DATA SHOWN »
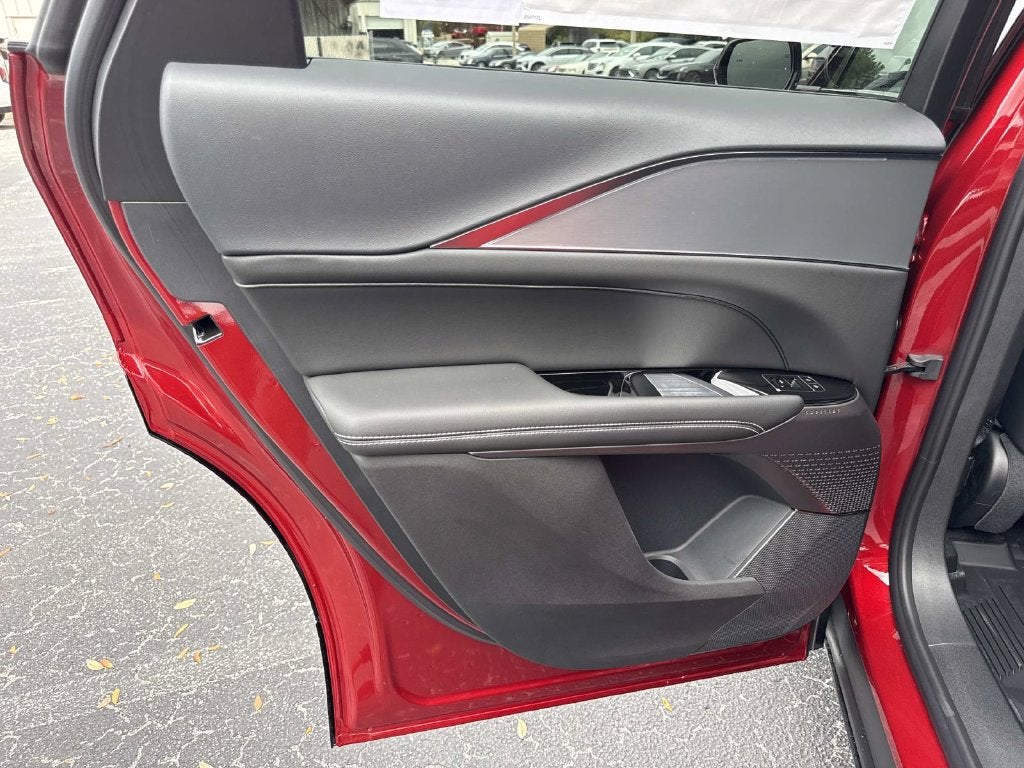2027 Cadillac LYRIQ Sport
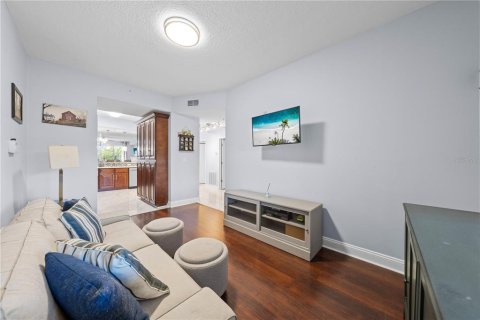 Copropriété à vendre à Orlando, Floride: 3 chambres, 168.15 m2 № 2395766 - photo 16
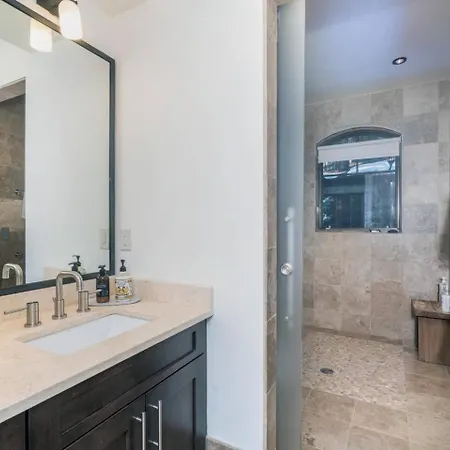 Elegant 4-bedroom Penthouse Above Mountain Village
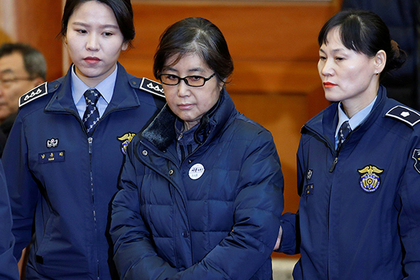 Гадалку бывшего президента Южной Кореи приговорили к 20 годам тюрьмы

BRIEF » An exact reproduction of the lines from the line containing "Copropriété à vendre" through the end of the listing above is needed; pictures stay out.

ANSWER FOR THE TASK »
 Copropriété à vendre à Orlando, Floride: 3 chambres, 168.15 m2 № 2395766 - photo 16
 Elegant 4-bedroom Penthouse Above Mountain Village
 Гадалку бывшего президента Южной Кореи приговорили к 20 годам тюрьмы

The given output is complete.